In my career transition, my available time is shifting. I recently started a part-time job in my local area to assist with the solitude that comes with being an artist and entrepreneur. In the summer I started offering a room in my house as an AirBnB, pursuing another dream I’ve had for many years after an extended vacation in New Zealand.
I didn’t pursue many dreams because of very full-time corporate sales jobs I worked in the past. This isn’t a complaint. Because of those corporate jobs, I was able to pursue international travel vacations year over year and save for retirement. And it was the experiences of working with the people I served, librarians and faculty in higher education that gave me my love of relationship management, or, more directly, helping people with online research solutions through the online archives that the publishing companies I worked for made available and easily accessible than past formats.
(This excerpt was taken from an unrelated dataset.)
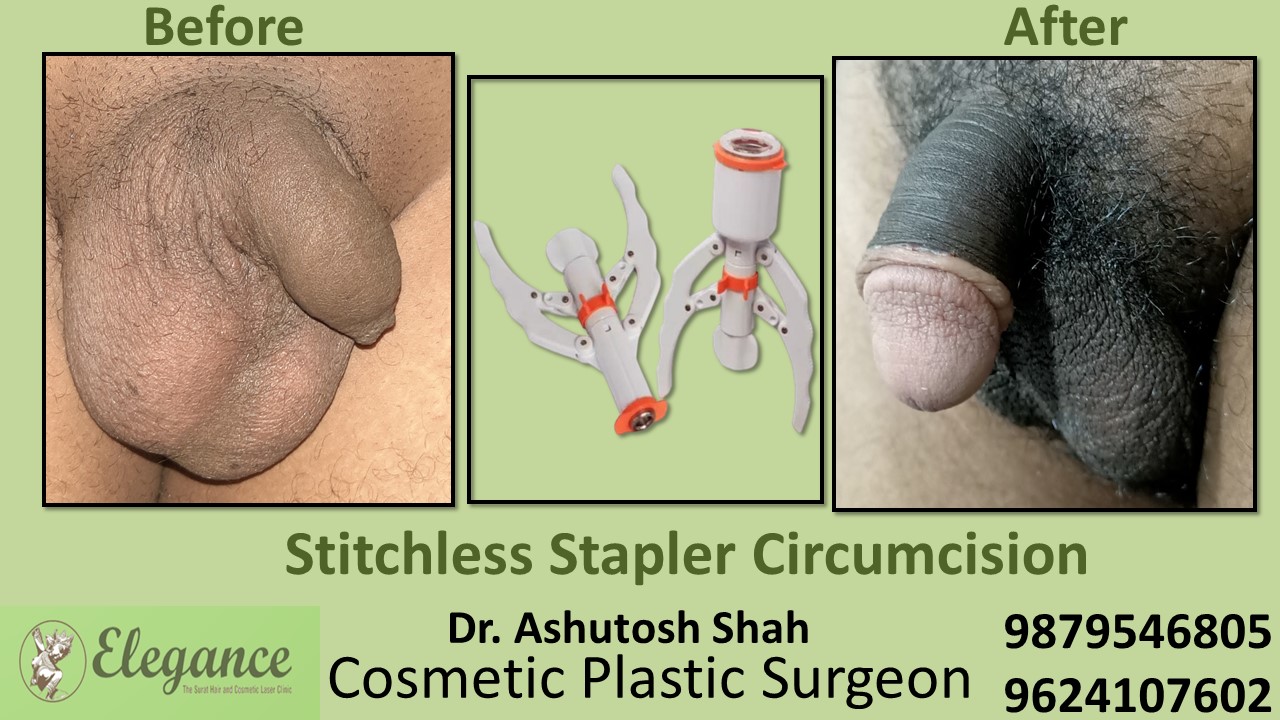 Specialist for Stapler Circumcision in Valsad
Building relationships is a skill that I didn’t even know I possessed. Every experience I had before prepared me for my next opportunity, much easier to see in hindsight.
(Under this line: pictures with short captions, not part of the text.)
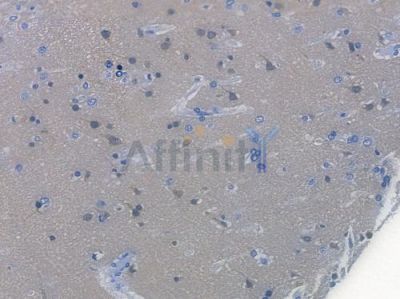GSK3 alpha/ beta Recombinant Rabbit mAb - BF3554 at 1/100 staining human glioblastoma by IHC-P.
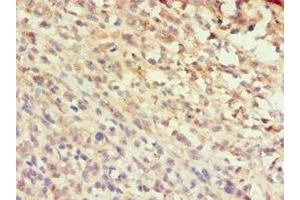 Immunohistochemistry of paraffin-embedded human melanoma using ABIN7145991 at dilution of 1:100 (CCL25 抗体  (AA 24-150))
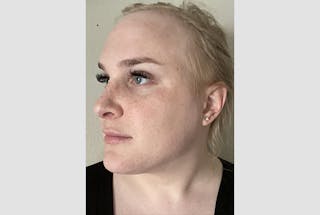 Facial Feminization Before & After Gallery - Patient 120905638 - Image 4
In the lull between corporate sales jobs, I published a book, a dream I held since my teenage years. I knew I wanted to be a writer and what I didn’t know then, that I know now is that I was a writer. In 2021, I published the book I had in me all those years to be of service to others who found their way to Finding Moksha: One Woman’s Path in Uncertain Times.
In the lull between one publishing job and those that followed, I started painting again. And that led me to scholarship with Rome Art Program. Later I built a website including articles about what other creatives were doing and published interviews. I sold paintings.
There was a difficult period that followed; my painting and writing stopped.
After that time passed, I returned to painting sporadically as a form of art therapy. In the need for income, I again took on a corporate position at a start-up company. I worked fully remotely with most of my team in Belgium. While I had always wanted to work with an international company, I realized this experience gave me the contrast of what I do want; I am grateful for those lessons.
I returned to being a full-time creator, again, as a painter, now being seen in international galleries like Dubai, Paris, Venice, Switzerland, and recently Grenada. I continually build my network with other artists, galleries and curators. I participate in some local exhibitions, having the flexibility to choose what feels right for what I need. My love of relationship management skills was reignited - or, more simply, when I again began building my network, both professionally and personally. During this time I followed my curiosity. I built communities in unexpected ways unlike before of doing what felt safe or “right” according to societal expectations. I followed the connections I was making, all along with an openness and curiosity. These connections have led me to growth and expansion, finding better ways to promote myself through conversations I have having with the people I met. I remained being of service to communities and built new friendships and partnerships.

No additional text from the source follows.